Getting Bluetooth A2DP to work in Mandriva 2010

One of the grips I've always had with KDE4 is it's rather poor bluetooth integration. For most of 2008 and 09, I've tried in vain to make my really nice bluetooth stereo headphones to work on Linux. I started to see a glimpse of it in 2009.1 where it would work for 2 minutes before crashing pulseaudio.

Now with 2010 out I decided to give it another go. Finding instructions for doing it is not particularly easy. There is no single place that provided something that will just work on Mandriva. So I decided to document my steps here.
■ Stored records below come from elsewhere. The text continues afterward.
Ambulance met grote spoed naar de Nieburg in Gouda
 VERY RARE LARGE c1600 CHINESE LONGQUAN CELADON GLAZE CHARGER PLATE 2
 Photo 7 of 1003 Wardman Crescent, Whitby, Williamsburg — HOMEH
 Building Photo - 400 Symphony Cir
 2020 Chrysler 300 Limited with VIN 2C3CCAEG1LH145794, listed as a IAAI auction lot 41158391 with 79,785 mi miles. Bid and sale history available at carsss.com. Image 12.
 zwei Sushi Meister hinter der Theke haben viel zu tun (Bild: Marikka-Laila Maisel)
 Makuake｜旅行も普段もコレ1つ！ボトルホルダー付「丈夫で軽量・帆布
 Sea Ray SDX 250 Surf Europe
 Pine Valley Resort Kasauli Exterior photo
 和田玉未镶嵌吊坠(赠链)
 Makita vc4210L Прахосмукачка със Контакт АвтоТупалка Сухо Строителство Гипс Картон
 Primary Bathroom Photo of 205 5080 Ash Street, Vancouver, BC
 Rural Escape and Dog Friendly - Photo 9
Lets start with the require packages you will need to install.
kbluetooth
bluez
bluez-alsa
pulseaudio-module-bluetooth
*There's much more, but they should already be installed.

Start kbluetooth (it's somehow under the Internet category)
Make sure your bluetooth adapter is detected & showing a MAC address. Give it a sensible name.
The kbluetooth device manager gui only works for input devices. So don't bother trying to pair the headphones with it. We'll need to do it from a konsole.

Put you bluetooth headphones into pairing mode. (usually done by holding the power button until it blinks) Then do this:
$ hcitool scan

This should discover your headphones and list it's MAC address. Now connect to the MAC. (seems like only root can do these steps)
# hcitool cc 00:00:00:00:00:00

kbluetooth should now popup and request for the pin. (It's usually 0000)
Now lock down the pairing:
# hcitool auth 00:00:00:00:00:00

That's it for pairing. Now we need to tell alsa about the new audio device. Open up the file .asoundrc in your home directory (create it if it's not there), and put this in it:

pcm.bluetooth {
type bluetooth
device "00:00:00:00:00:00"
}

Replace with the MAC address of your headphones of course.

Now you need to reboot. Next you'll need to tell pulseaudio about your new output device.

$ pactl load-module module-alsa-sink device="bluetooth"

Now open the PulseAudio Volume Control. (pavucontrol) You should see bluetooth listed as another output device. You can now make it the default or you could assign the output device on a per application basis.

Now, the part the sucks. Pulseaudio will not remember these setting across reboots, you will need to rerun the pactl command everytime you want to use the headphones. One easy way to do this is to put an icon on the panel to run the command.

Another thing to be aware of is if you are playing something & you disconnect the headphones somehow, pulseaudio will segfault. So remember to stop playback and switch the default output back to your soundcard before turning off your headphones.